Work task
Starting with the first line of the material, reproduce exactly each line up to and including the one that contains "2386 Routh Drive, Rowland", leaving out every picture.

======== Data in this exercise ========

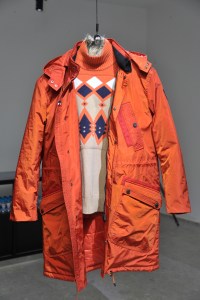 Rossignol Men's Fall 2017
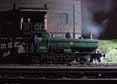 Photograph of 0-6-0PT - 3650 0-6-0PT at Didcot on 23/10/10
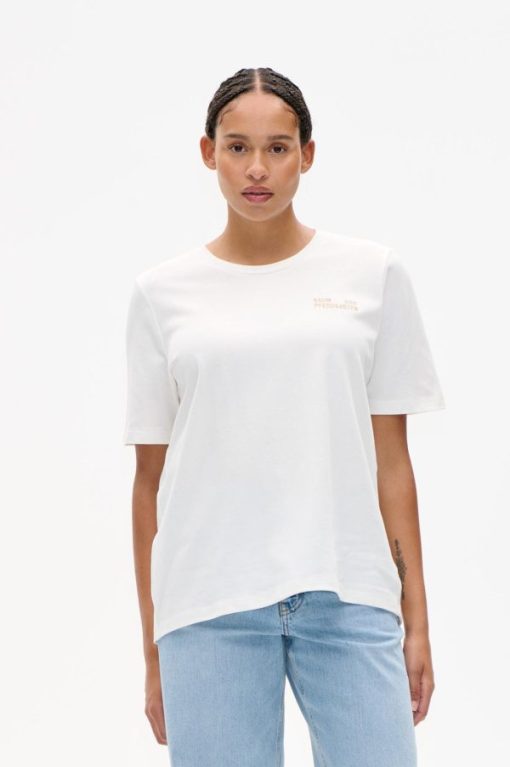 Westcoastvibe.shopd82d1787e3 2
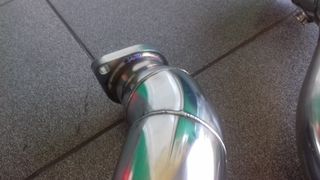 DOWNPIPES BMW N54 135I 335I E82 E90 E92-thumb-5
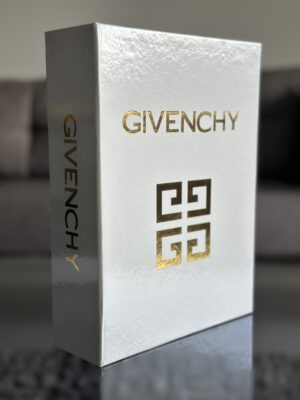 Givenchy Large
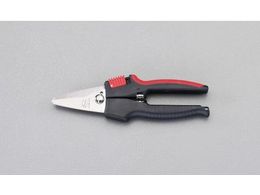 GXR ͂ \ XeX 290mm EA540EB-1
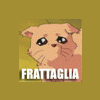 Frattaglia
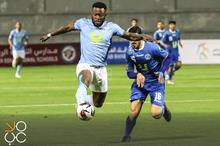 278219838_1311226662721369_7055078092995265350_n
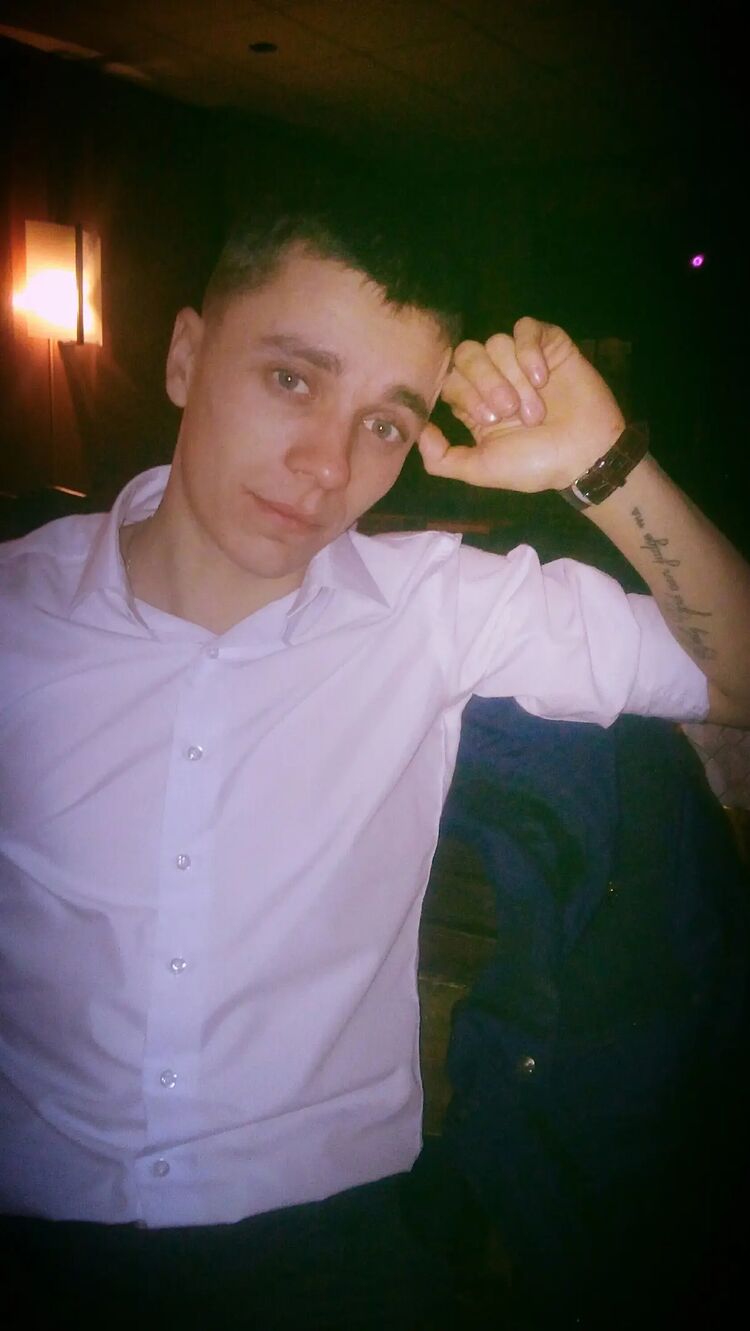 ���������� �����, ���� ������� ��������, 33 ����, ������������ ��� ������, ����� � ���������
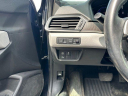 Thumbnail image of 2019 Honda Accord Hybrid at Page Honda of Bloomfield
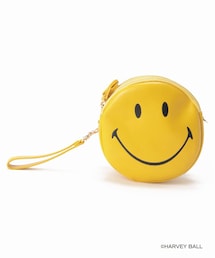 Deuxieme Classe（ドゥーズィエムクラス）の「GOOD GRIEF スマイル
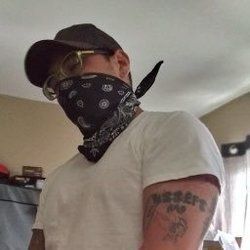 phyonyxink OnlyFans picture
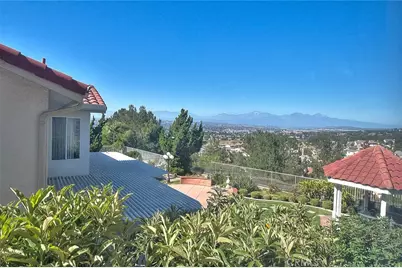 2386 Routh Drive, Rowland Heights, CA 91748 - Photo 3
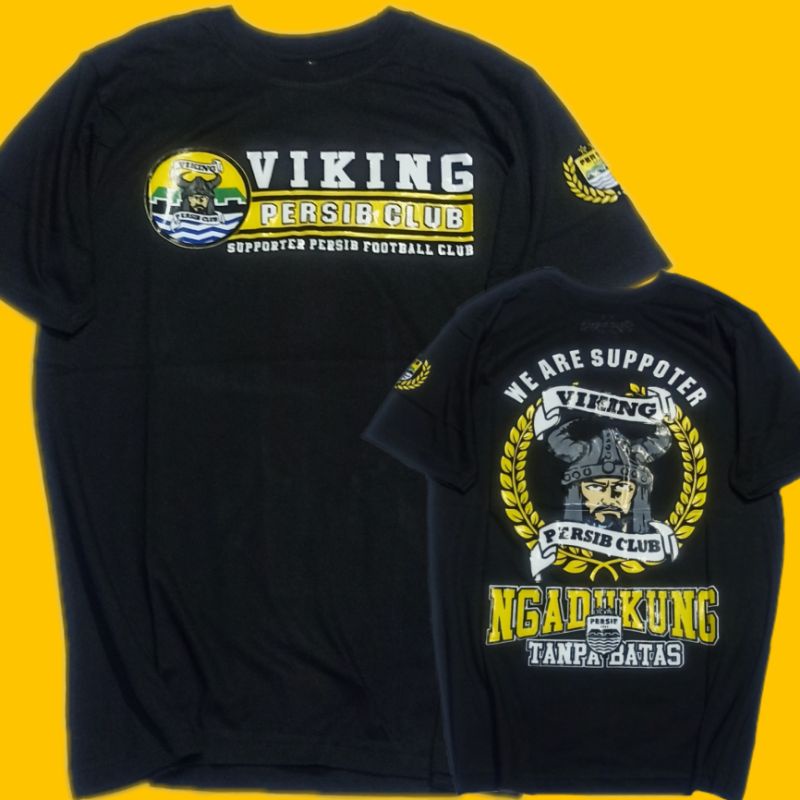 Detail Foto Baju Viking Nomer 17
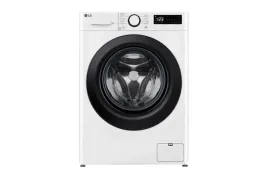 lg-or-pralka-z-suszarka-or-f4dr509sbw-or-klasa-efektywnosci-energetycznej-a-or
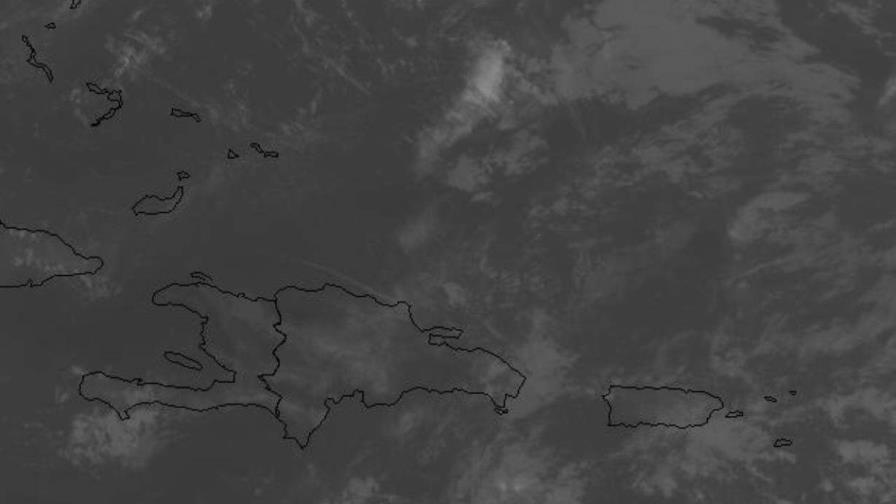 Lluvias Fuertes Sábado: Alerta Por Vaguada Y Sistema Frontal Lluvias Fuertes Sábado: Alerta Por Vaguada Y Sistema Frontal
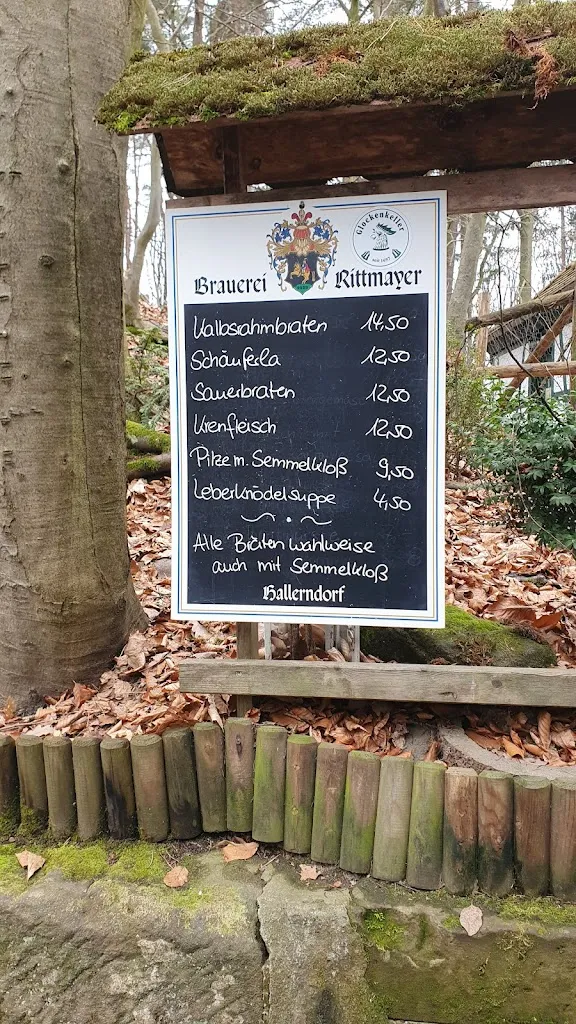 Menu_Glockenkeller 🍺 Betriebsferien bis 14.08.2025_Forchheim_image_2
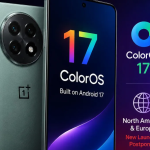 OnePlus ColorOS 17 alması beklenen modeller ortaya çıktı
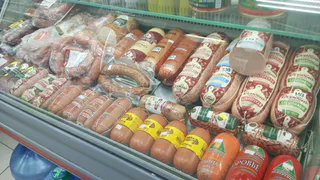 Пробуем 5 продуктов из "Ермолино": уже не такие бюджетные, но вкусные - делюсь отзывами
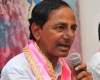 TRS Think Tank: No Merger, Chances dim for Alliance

========

Answer section
 Rossignol Men's Fall 2017
 Photograph of 0-6-0PT - 3650 0-6-0PT at Didcot on 23/10/10
 Westcoastvibe.shopd82d1787e3 2
 DOWNPIPES BMW N54 135I 335I E82 E90 E92-thumb-5
 Givenchy Large
 GXR ͂ \ XeX 290mm EA540EB-1
 Frattaglia
 278219838_1311226662721369_7055078092995265350_n
 ���������� �����, ���� ������� ��������, 33 ����, ������������ ��� ������, ����� � ���������
 Thumbnail image of 2019 Honda Accord Hybrid at Page Honda of Bloomfield
 Deuxieme Classe（ドゥーズィエムクラス）の「GOOD GRIEF スマイル
 phyonyxink OnlyFans picture
 2386 Routh Drive, Rowland Heights, CA 91748 - Photo 3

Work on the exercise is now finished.